The Kopila Valley Girls’ Club and Some Panicking

Thursday, August 20, 2015

By Thea Dekker

I was told to write a blog. And I panicked. This comes from the ages-long tradition of me panicking when Maggie asks me to do things. I'll back up to the first time Maggie asked me to do something and I panicked.

Thea and Ravi The month was December. Baby Ravi travelled to the United States for the first time. I met him and I agreed with the consensus that he was, in fact... cute. So cute that I agreed to babysit him (this was my first mistake – that baby is addicting. Once you say yes, you can't stop saying yes. I'm a Raviholic, what can I say?). Anyway, I agreed to babysit him. And everything was going okay. He was being cute and I was being, you know, me. But then disaster struck. He pooped and... (wait for it)… I was expected to change it. This was the first time I panicked. Needless to say, changing the diaper didn’t go great and the diaper ended up going on backwards. I can now say that I have mastered changing Ravi's diaper (kind of).

The second time I panicked was a few weeks later. I asked Maggie if there was something I could do to help BlinkNow.  She came up with something instantly. She told me about a group of girls who really needed some help (some help from me?!).  She suggested that I start a club that would raise the girls' self-esteem. 

I knew about the problems facing women in Nepal. I knew about the lack of opportunity they faced. I comprehended the fact that they were oppressed, living in a patriarchal society. I knew about how rape often goes unreported and unpunished, I understood how at-risk they were for trafficking and child marriage. I knew that the girls I would be working with would have known poverty I couldn’t even imagine.  So naturally I had to say "of course" – not. I mean was she kidding? How was I supposed to raise the self-esteem of eight girls when... no I wasn’t going to... I mean... I couldn’t...right? Needless to say, this was me panicking. "No, I'm sorry Maggie, I don’t think I'm up for this challenge," I said.

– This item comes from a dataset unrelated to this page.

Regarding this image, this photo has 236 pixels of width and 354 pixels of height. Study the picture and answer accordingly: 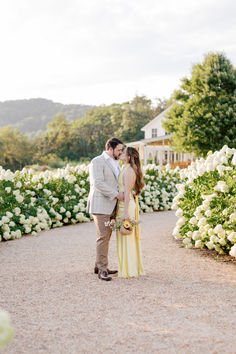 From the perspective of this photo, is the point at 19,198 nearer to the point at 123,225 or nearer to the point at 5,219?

I went home and I thought and I thought... have I made the wrong decision? Had I said "no" too soon? No, of course not! I don’t have a degree in anything and I haven't even graduated high school. I couldn’t. And then I thought about Maggie and all the times that I have seen her speak. And how she always said that we have the power to create the world we want to see every day. So I said, "Okay, I'll do it". So began my journey. I researched activities, babysat to earn money and bought journals, books and bras as supplies.

Thea and the club

Flash forward six months and I'm off to Nepal for the first time. The first meeting was held in the counseling center. I remember being scared and then saying, "Okay Thea, let’s do this." We started with a name. The girls decided to call the club the “Kopila Valley Girls' Club.” I shared with them a motto by Rita Pearson that I like that went like this:

"I am somebody.
I was somebody when I came.
I will be a better somebody when I leave.
I am powerful."

 

We said this motto at the beginning and ending of every meeting. I gave the girls journals so that they could write down their thoughts and feelings.  Feelings that they felt like they couldn’t share. I can't say what exactly happened in those meetings. I hope you don’t mind. I want our conversations to stay between the girls and me. Talking to the girls, I realized how lucky I was to have met each and every one of them.  They are some of the strongest girls I have ever met. They have endured so much and the fact that they get up every day and go to school is more inspiring than anything I said to them.  I hope that if they learned anything, they learned how amazing they are.

I learned that many of the girls at Kopila didn’t have a place to shower. They were forced to bathe in a river using buckets. I also learned that there was a shower at the school that wasn’t being used. I bought shampoo, soap, and deodorant. Privacy was an issue so the school would have to open early to accommodate the girls.  I'm proud to say that the school now opens early two days a week so that the girls can shower and the Girl's Club meets on Friday afternoons.

Sadly, after only two weeks of being with the girls, I had to leave. I think that I left a little part of my heart at Kopila.  Every time I have a spare moment, I find that my mind wanders to Nepal and the Kopila Valley Girls' Club. I think that if I returned half of the impact to the girls that they made on me, then I will have accomplished my goal. I know I am supposed to be writing about how I changed their lives and maybe I did – just a little bit.  But really, the girls changed me. I don’t know if what I'm saying conveys the impact that the girls' group had on me. But I know one thing for sure: I will never be the same person that I was before I met my sweet, brave, powerful friends.